--- START ---

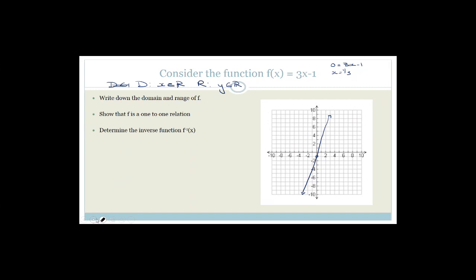Next it says determine the inverse function. We need to swap the x and y and solve for y. These are straight lines, but it's still important to know. Swap the x and y: x equals 3y minus 1. Therefore x plus 1 equals 3y. Therefore y equals x over 3 plus one-third. We know the original graph cuts at minus 1 and one-third. So the inverse cuts the y-axis at one-third and the x-axis at minus 1. When finding the inverse, the x's and y's swap, so those intercept values swap axes accordingly.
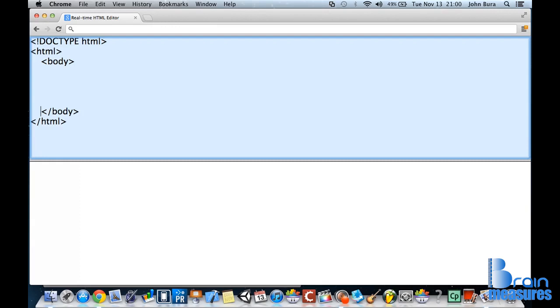So, here we go. We now have the basics for an HTML document. I'll see you guys in the next tutorial.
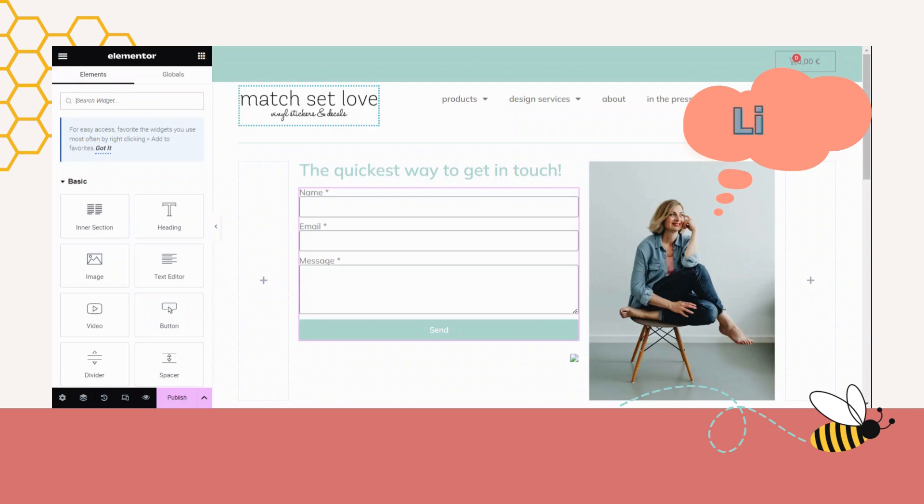Hello, my name is Liesl and welcome back to my channel. Spam can be so irritating, but even more than that,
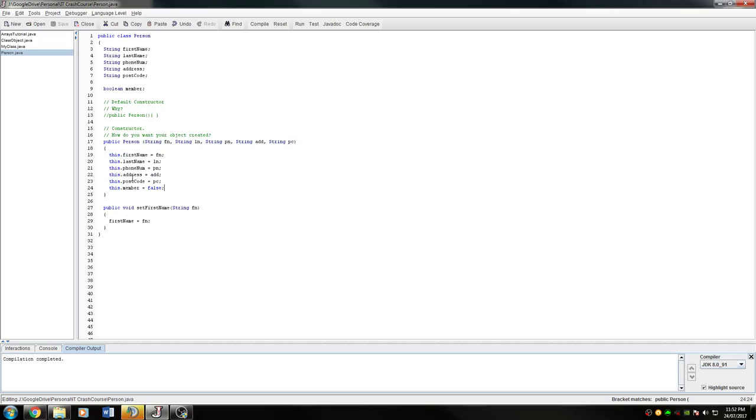That is why we use constructors. We use them to make sure that whatever we're creating is constructed in a way where it can be accessed as it needs to.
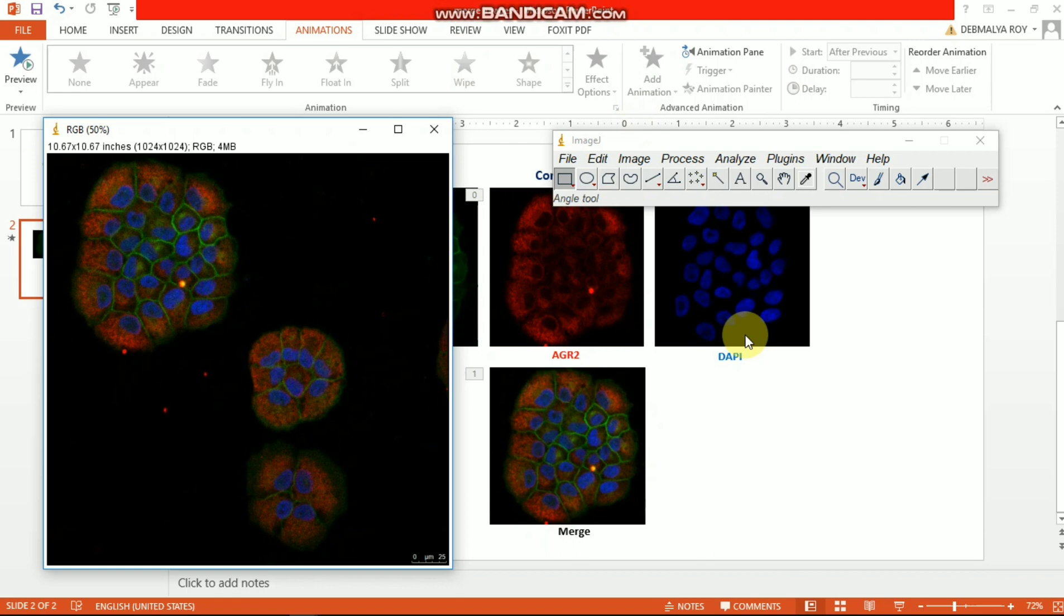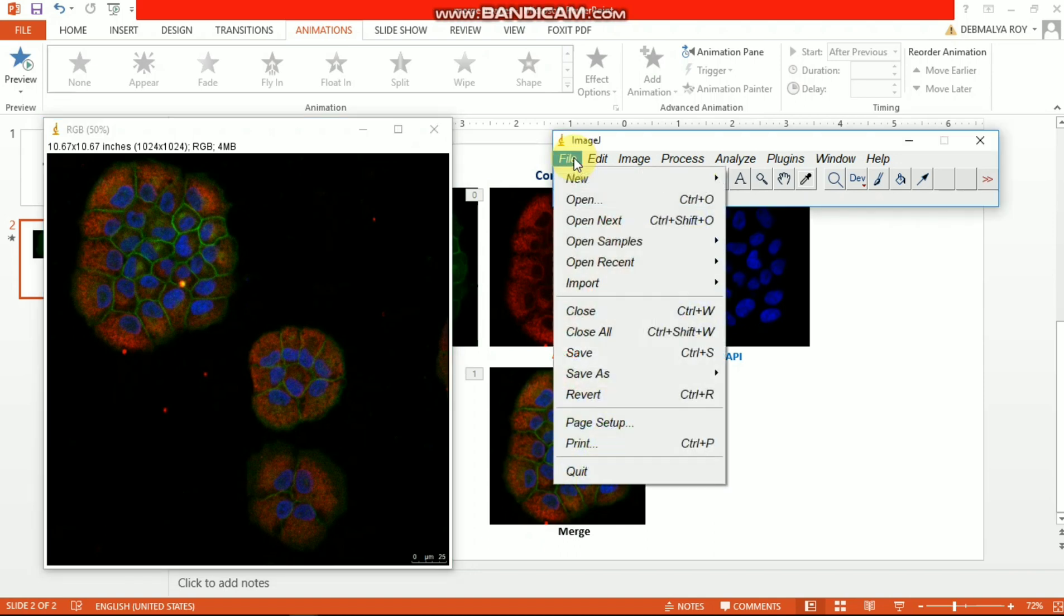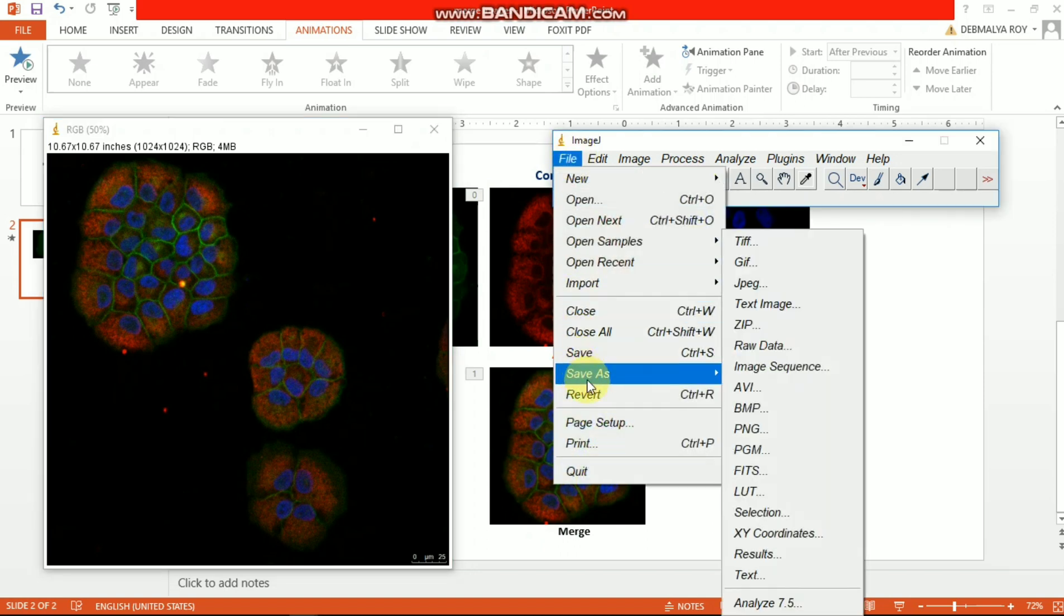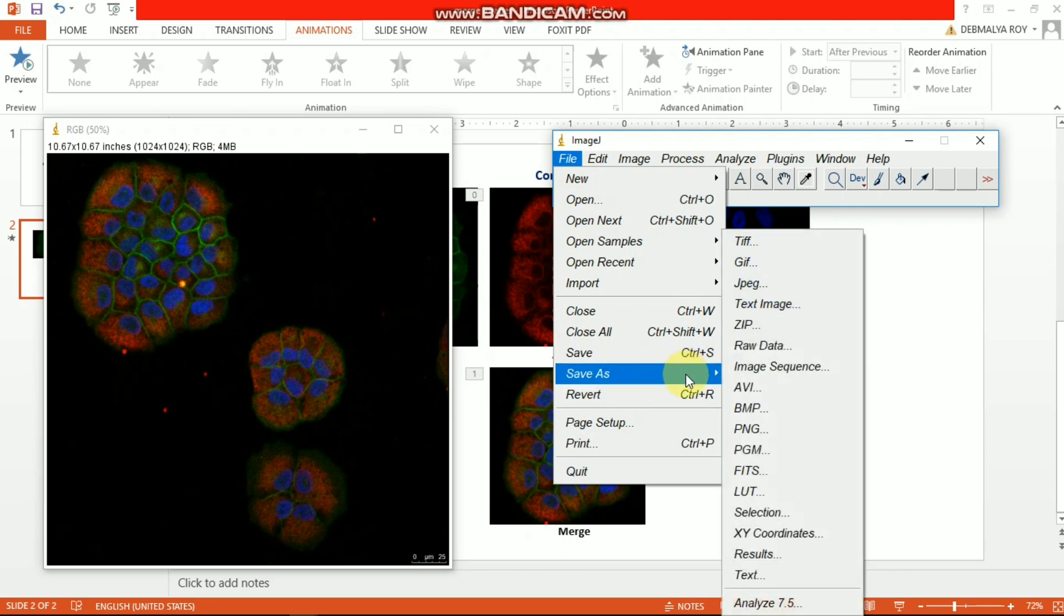At the end, I want to show you how to save this image. From here you need to go to File, and then from the Save As menu you can see there are a lot of file types, but mostly you need to use the TIFF file. So you can choose this TIFF file and you can find your location where you want to save.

--- END ---

• _THE PROBLEM_:
Output only the lines from the start of the data through the line that holds "That is why". Keep them exact and leave the pictures out.

• _EXERCISE ANSWER_:
Next it says determine the inverse function. We need to swap the x and y and solve for y. These are straight lines, but it's still important to know. Swap the x and y: x equals 3y minus 1. Therefore x plus 1 equals 3y. Therefore y equals x over 3 plus one-third. We know the original graph cuts at minus 1 and one-third. So the inverse cuts the y-axis at one-third and the x-axis at minus 1. When finding the inverse, the x's and y's swap, so those intercept values swap axes accordingly.
So, here we go. We now have the basics for an HTML document. I'll see you guys in the next tutorial.
Hello, my name is Liesl and welcome back to my channel. Spam can be so irritating, but even more than that,
That is why we use constructors. We use them to make sure that whatever we're creating is constructed in a way where it can be accessed as it needs to.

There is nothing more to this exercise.